Antigua sits on a plain surrounded by low hills and three tall volcanoes. When we were here a few weeks ago (before our detour into southern Honduras), we managed to take some pictures of them. Now, although the house we’re looking after has windows facing all three volcanoes, you can barely see them through the haze. The air is muggy, and wind whips up the dust that has accumulated in the streets through months of dry season. Everything needs a good soaking, but apparently the rains are still about a month away.
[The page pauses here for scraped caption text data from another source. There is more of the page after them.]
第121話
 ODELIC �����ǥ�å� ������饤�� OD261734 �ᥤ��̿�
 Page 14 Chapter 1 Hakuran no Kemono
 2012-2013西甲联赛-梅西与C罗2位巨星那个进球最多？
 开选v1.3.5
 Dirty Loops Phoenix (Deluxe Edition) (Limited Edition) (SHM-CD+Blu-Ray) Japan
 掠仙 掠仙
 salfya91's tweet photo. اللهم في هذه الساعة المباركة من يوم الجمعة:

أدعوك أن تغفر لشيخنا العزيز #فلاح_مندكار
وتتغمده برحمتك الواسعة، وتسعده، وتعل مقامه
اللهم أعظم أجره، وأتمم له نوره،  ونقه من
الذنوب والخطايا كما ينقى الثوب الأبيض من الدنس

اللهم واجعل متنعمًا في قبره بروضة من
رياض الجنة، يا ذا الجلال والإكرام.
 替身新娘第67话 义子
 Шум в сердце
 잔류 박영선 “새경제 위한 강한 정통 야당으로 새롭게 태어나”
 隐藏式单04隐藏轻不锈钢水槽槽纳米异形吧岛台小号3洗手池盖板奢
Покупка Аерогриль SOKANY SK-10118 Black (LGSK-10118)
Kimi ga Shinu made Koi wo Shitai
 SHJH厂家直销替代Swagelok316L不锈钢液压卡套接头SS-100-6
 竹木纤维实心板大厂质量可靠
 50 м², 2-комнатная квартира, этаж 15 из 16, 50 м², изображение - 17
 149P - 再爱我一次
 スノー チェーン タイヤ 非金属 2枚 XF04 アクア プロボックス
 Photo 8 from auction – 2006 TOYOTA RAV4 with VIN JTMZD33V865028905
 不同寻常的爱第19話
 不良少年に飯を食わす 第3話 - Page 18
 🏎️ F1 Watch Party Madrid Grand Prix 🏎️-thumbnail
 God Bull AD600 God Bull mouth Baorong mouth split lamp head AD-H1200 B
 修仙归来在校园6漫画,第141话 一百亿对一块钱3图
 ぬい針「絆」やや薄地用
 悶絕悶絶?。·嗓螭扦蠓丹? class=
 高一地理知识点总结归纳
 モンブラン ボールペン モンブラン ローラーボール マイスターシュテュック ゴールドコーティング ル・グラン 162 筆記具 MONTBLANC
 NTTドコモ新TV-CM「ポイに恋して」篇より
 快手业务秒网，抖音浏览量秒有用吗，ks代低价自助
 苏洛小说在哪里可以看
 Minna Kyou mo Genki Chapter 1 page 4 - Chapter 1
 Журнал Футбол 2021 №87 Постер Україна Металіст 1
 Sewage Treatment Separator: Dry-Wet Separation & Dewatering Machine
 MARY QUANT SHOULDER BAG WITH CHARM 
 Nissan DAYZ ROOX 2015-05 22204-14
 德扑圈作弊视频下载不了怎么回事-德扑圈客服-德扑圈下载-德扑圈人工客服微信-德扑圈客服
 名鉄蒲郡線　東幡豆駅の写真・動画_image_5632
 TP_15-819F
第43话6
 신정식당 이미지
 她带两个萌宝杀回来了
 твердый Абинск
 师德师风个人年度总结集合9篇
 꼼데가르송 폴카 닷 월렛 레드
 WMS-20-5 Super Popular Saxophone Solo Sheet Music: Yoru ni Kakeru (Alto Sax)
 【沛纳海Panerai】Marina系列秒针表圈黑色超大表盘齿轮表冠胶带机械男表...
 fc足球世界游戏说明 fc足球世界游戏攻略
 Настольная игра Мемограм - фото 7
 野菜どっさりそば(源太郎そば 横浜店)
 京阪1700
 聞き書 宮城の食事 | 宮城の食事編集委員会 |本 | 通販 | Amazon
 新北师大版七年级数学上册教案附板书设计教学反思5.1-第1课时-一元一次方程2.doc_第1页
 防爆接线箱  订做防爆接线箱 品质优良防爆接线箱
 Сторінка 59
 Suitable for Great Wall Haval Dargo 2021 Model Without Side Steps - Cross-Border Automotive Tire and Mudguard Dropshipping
The word “antigua” means “former” or “old.” The town’s full name is “La Antigua Guatemala (City).” This place was Spain’s colonial capital for all of Central America from the 1500s to the late 1700s, when a series of earthquakes wreaked so much havoc that the powers-that-be moved the capital a few valleys over to what is now Guatemala City. Antigua languished for almost two centuries, until Guatemalans and expatriates rediscovered its crumbling charms, and money for preservation poured in.
What makes Antigua so pretty is the buildings. This is the first place we’ve seen in Central America that reminds us of southern Spain: cobblestone streets (a beast to drive on but lovely to look at), low buildings stuccoed and painted white or earth tones (mustard yellow, ocher, brick red), with clay tile roofs, wooden doors and eaves, and decorative iron grilles over the windows. The fancier houses open inward, Moorish-style, to courtyards with fountains and flowers and covered walkways on all sides, like cloisters, where the inhabitants could live and work out of the sun but in the open air.
Amid all of the old Spanish feeling are unexpected Baroque touches. Turn a corner and you’ll find the ruined facade of a Baroque church rising high above the houses and shops around it. For some reason, although most of Antigua’s residential structures have been lovingly restored, many of its 17th- and 18th-century churches and convents are still in ruins. Some of the churches that have been preserved are painted bright yellow with white plaster trim, making them look like elaborately iced lemon cakes.
As it that weren’t picturesque enough, Antiqua is currently draped in purple bunting for Lent. The 40 days leading up to Easter are a big deal in this town. Every weekend, parish churches host religious processions through the downtown streets—brass bands, marchers in purple Arab-style robes, immense amounts of incense, and floats with ornately dressed statues of Jesus and the Virgin Mary carried on parishoners’ shoulders like huge coffins. These processions are much less solemn affairs than the Easter processions we saw in Spain last year. Here, the local spectators chatter while the floats go by, marchers sport backpacks and talk on cell phones as they walk, and legions of balloon sellers bring up the rear of the
parade (followed by the garbage truck and a half-dozen men with brooms). But what they lack in solemnity, the processions make up in colorful cultural spectacle. A special twist here is the elaborate carpets of colored sawdust, flowers, and fruit that people construct as offerings in the path of the processions. Hours and hours of painstaking work to make something that will be obliterated by the marchers’ feet in minutes. Like a Tibetan sand painting, the glory is in the creating of them.
We arrived in Antigua for the first time after a day-long series of bus rides through villages of dry adobe or new cinder-block houses, dusty rutted roads, and remote hills. Emerging at last into this flat, tidy, manicured, historical town with its drop-dead views, posh shops, and diverse restaurants was a shock. As Melissa put it, you could plunk Antigua down anywhere in Europe and it would be a beautiful city. Here in Central America, it feels like a mirage.